RACP Fellows in Focus: Dr Manoji Gunathilake

Date published:
13 Sep 2021

Fellows in Focus Dr Manoji Gunathilake

“I would say that the reason I became a specialist was to gain more experience in a field of medicine that posed a lot of questions to me. While I was doing my junior doctor training, I found myself drawn to the kind of areas where there were serious gaps in knowledge.” 

Dr Manoji Gunathilake, who is Sri Lanka-born, currently works as the Section Head and specialist sexual health physician at the Sexual Health and Blood Borne Virus Unit of the Centre for Disease Control, Top End Health Service of Northern Territory Department of Health. Manoji completed her undergraduate and postgraduate qualifications in Sri Lanka and United Kingdom and has been working in Australia in the field of sexual health medicine since 2012. Apart from being a Fellow of the RACP, Manoji is also an executive committee member of the RACP’s Australasian Chapter of Sexual Health Medicine.

“How did I end up in the field I’m in?
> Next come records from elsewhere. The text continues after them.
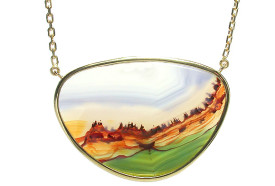 SIKIRDJI Laurent-pendant-yellow gold-landscape agate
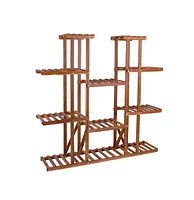 Unho Wooden Plant Stand 11 Tiers Flower Planters Display Shelf for Porch Outdoor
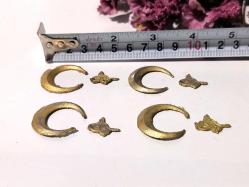 Üç Hilal Osmanlı Tuğrası Metal - Ay - Hilal Desenli Metal Tuğra - Pirinç Objeler - Takı Tasarım Malzeme - 8 ADET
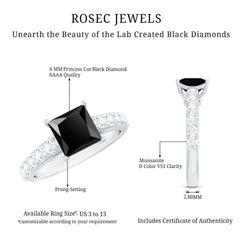 Lab Created Black Diamond Solitaire Ring with Moissanite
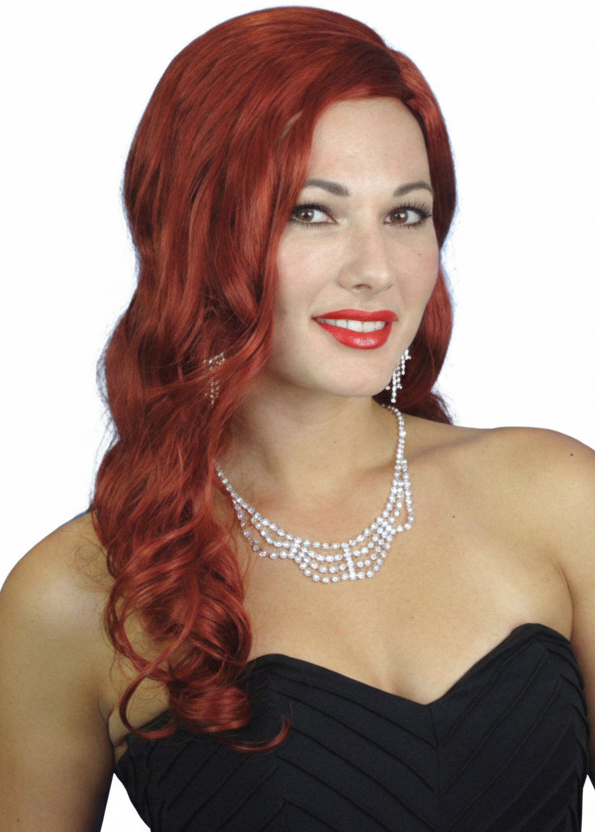 Womens Auburn Curly 1940s Rita Glamour Costume Wig - Main Image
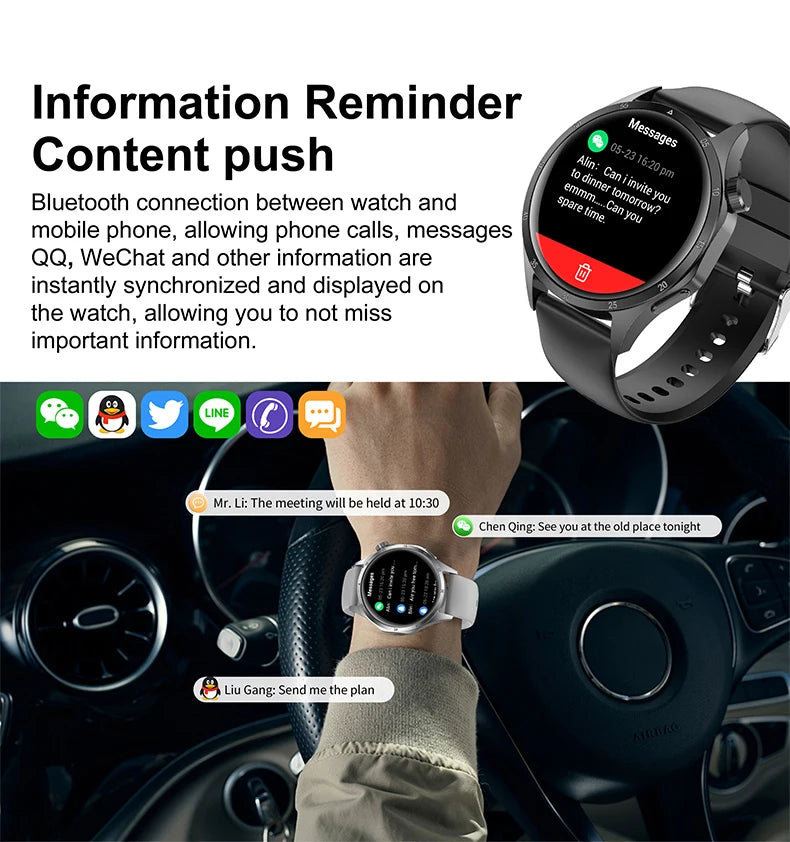 2025 New Mens Smart Watch 360 * 360 Bluetooth Call Smartwatch AMOLED Screen GPS Smart Watches NFC Waterproof Smart Watch for Men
Well, I came across a few patients with sexually transmitted infections who were quite marginalised in society, and I was quite naive to those situations at that time. I started exploring support pathways and services available to them. Eventually, I decided to join the specialist training pathway in sexual health medicine. This was not an area considered a common or popular specialty in many countries.”

“Sexual health is a very important part of human lives, but mostly not spoken about. Sexually Transmitted Infections (STIs) cause a huge burden to the economy. Nationally and internationally, STIs are a huge challenge. I get the opportunity not only to diagnose and treat but also to make positive changes in clients' lives and prevent diseases.”
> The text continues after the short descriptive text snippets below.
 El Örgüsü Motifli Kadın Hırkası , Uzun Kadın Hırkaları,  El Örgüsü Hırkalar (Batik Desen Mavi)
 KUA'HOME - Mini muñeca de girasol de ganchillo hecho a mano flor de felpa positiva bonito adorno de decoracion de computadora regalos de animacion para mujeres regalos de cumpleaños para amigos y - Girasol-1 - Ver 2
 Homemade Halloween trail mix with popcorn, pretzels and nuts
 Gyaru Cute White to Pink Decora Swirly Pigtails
“Almost every consult requires risk assessment. That is, talking to patients about their behaviour and the context, exploring their sexual identity and practices, providing care and support in a non-judgmental way and to empower them. It also allows us to be advocates for the patients on a day-to-day basis. No one can stop learning about HIV. There are changes in antiretroviral medications quite frequently and you need to challenge yourself to choose the best treatment with the close involvement of the patient in the decision making. It’s a very satisfying activity.” 
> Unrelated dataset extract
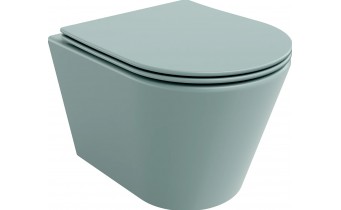 Унітаз безобідковий Mexen Rico Rimless з тонким сидінням soft-close, Duroplast Super Slim, світло-зелений матовий Унітаз безобідковий Mexen Rico Rimless з тонким сидінням soft-close, Duroplast Super Slim, світло-зелений матовий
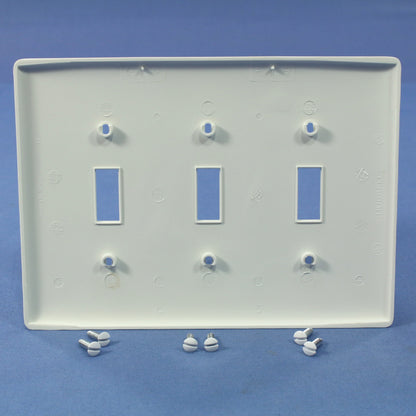Hubbell NPJ3W White 3-Gang Toggle Switch Unbreakable Mid-Size Wallplates 10pcs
Manoji mentioned that she wasn’t sure why sexual health wasn’t more popular. She hypothesised that perhaps other fields of medicine may have more opportunities for specialists, but concluded, “For me, I would say it is very satisfying and you get a lot of contentment every day when you're working with patients like ours.”

The pathway to success has been weird and wonderful, and when asked, Manoji shared her insights, “The ability to support patients in a professional manner with an open non-judgmental mindset. Making efforts to minimise perceived stigma and discrimination and contribute to reducing, at least to some extent, the fundamental negativity attached to a diagnosis of a sexually transmitted infection.”

Manoji is extremely proud of the path she has taken and the work she has been involved with. On the subject of ‘legacy’, she observed, “We all are surrounded by challenges caused by diseases, unresolved issues with overburdened health systems and many other challenges, but it does not cost anyone to stop stigmatising and discriminating individuals, just because they have an illness. If every one of us could do that, Australian society (and the world) would be a much nicer place. That’s something I would really like to continue working on and would like everyone else to work hard on as well.”

For those looking to follow in the footsteps of Manoji, she offered some advice, “It is a fascinating and rewarding specialty. You will have an ongoing satisfaction that you are making meaningful differences to your client's lives and their loved ones. However, don’t forget to balance work and life. Make sure you find time for family and be there for your friends in need.”